BFI LONDON FILM FESTIVAL: Part documentary, part music video, part amateur theatre… zero percent cinema. It doesn’t intend to be the former three but it does hope to be the latter. Lev Kalman and Whitney Horn’s L for Leisure is a rather bizarre experiment but not necessarily an outlandish one. It’s formed of episodic vignettes set across the globe during particular American holidays in late 1992 and early 1993. They follow college kids relaxing and partying alone or together while they muse upon their studies.
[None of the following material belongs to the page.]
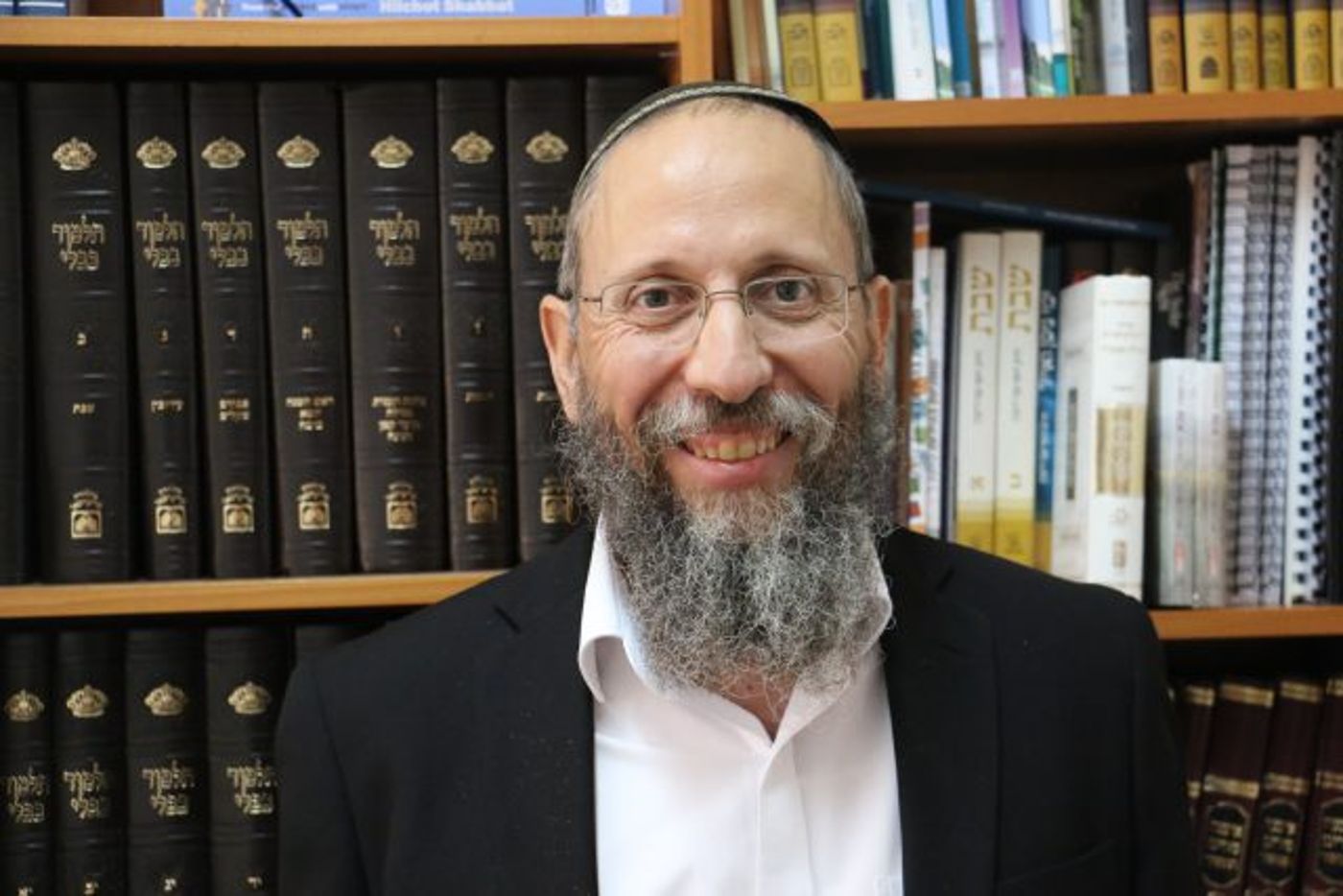 מותר להשתמש במגבונים לחים בשבת עבור חיטוי?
However, it’s a deliberately stilted film. If it were to be taken purely at face value – this would be abysmal. You have to assume that the performances are intentionally caricaturesque and it’s operating on a desert-dry sense of irony. Taken on that level, the film is hilarious. While there are miniscule fragments of stories that don’t lead or need to lead anywhere, the film’s dialogue is comprised of pseudo-intellectual conversations and thought processes. It wants to be a study of the relationship between leisure and profession (in this case, potential profession) but it doesn’t quite succeed.
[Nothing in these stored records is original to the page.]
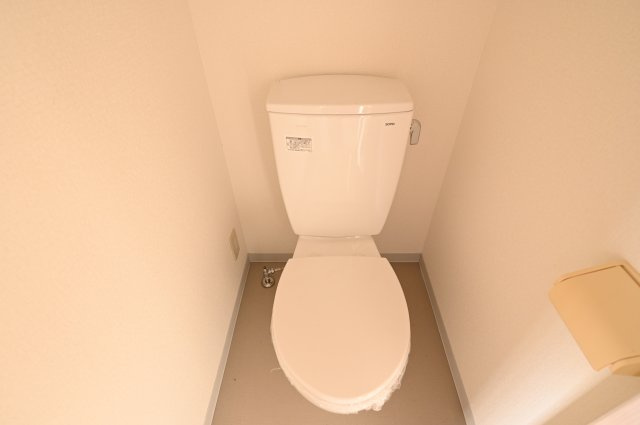 【トイレ】 | M’S天理（勾田）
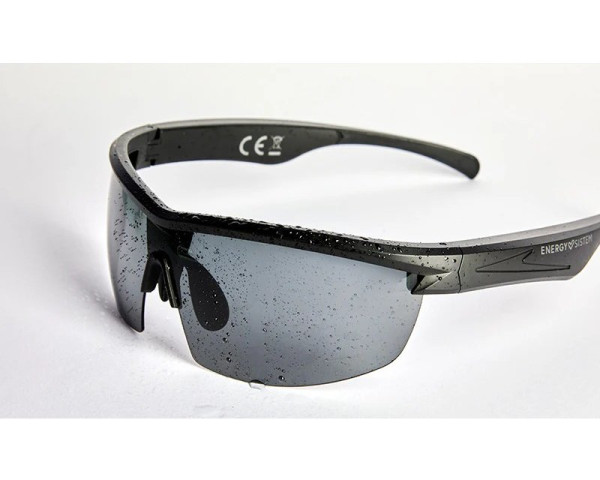 ENERGY SISTEM Sport Music naočare za sunce (M50011)  LAPTOP  I DESKTOP RAČUNARI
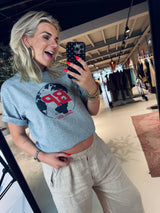 Janina T-Shirt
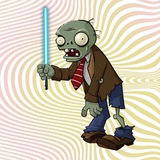 地推拉羣，發羣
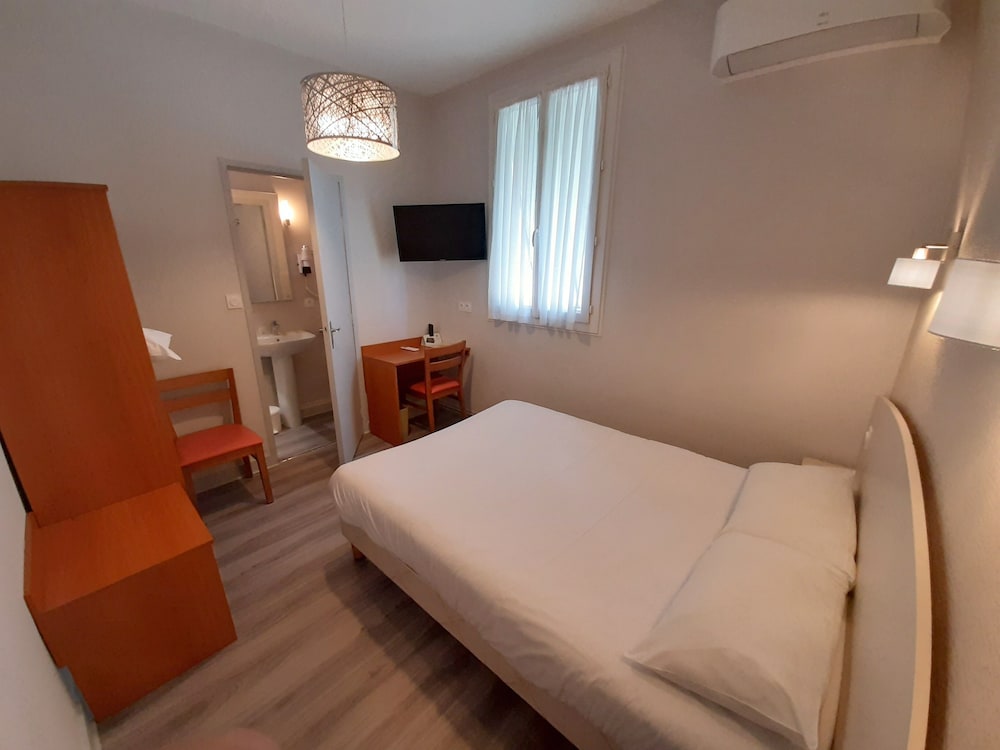 Comfort Double Room photo 2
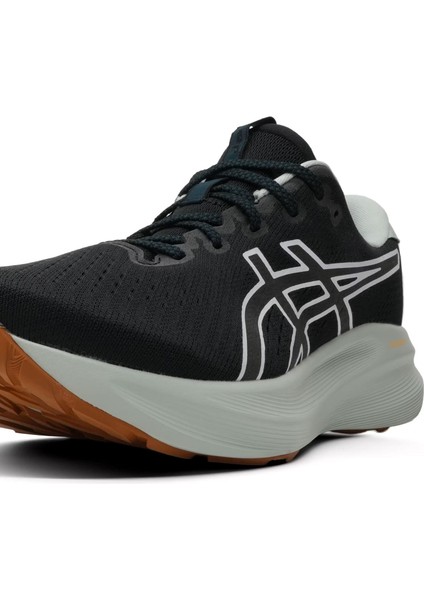 1011C134-300 Gel-Excite 11 Tr Erkek Koşu Ayakkabısı fiyatları
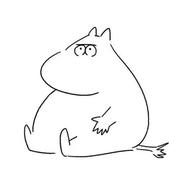 Willon的个人资料头像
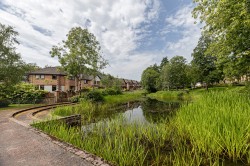 Images for Milngavie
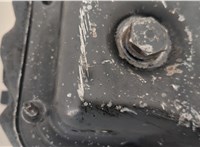  Поддон Citroen Jumpy (Dispatch) 2007-2016 20520322 #4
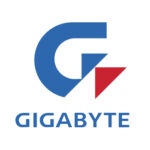 0001000713485gigabyte
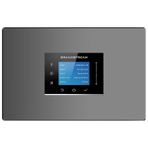 GrandStream UCM6300A Ip Telefon Santrali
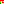 Destellos dst-737445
Sometime it is relatable and thought provoking – particularly a brief poignant anxiety about not being good enough to execute your own artistic ideas – but other philosophies breach absurdist levels with how many straws they grasp. This is mostly due to how they’re delivered unemotionally and insincerely. Frankly, non-actor cast or not, it’s pornography grade acting. Not even a poor student film quality. It’s actually kind of better for it, because the script would feel much more obnoxious taken more seriously, instead opting for this odd bewildering atmosphere. It results in quite a dreamy mood, perhaps reflecting the uncertainty of the ideas.
That wistful aspect is certainly bolstered by its astounding original electronic soundtrack composed by John Atkinson. Part contemporary, part 90s nostalgic, it’s simply too good for the film and not just in its production value. It doesn’t gel with the image nor reflect a character’s perspective. While the creative choice to shoot on 16mm film does have its homemade charm, it sacrifices a lot of the cinematic atmosphere and it feels as cheap as the film itself was to make.
This is a melting pot of a lot of different things that just won’t mix – but it’s not necessarily an example of trying and failing, it’s just an unusual direction that will click with very few. Even though I was initially repelled by the clumsiness, vagueness and blatant superficiality of its style and script, I couldn’t help but be drawn in, even if just out of morbid curiosity. At the very least, if your sense of humour can fit in sync with its satirical nature, then it’s entertaining enough on that level to pull you through. It’s just really difficult to tell whether it’s in on the joke or not.
L for Leisure is the type of film where you can’t decide whether it’s dumb or brilliant. This is a bit of both, and its genuine awfulness and ironic awfulness balance out to an interesting and average quality movie, with certain compliments and reservations. It’s worth watching for its short length (just shy of 70 minutes) if you’re a fan of college films such as Harmony Korine’s Spring Breakers or Richard Linklater’s Dazed and Confused and films of their thematic ilk. Though perhaps this is too light of a portion for what it could have served.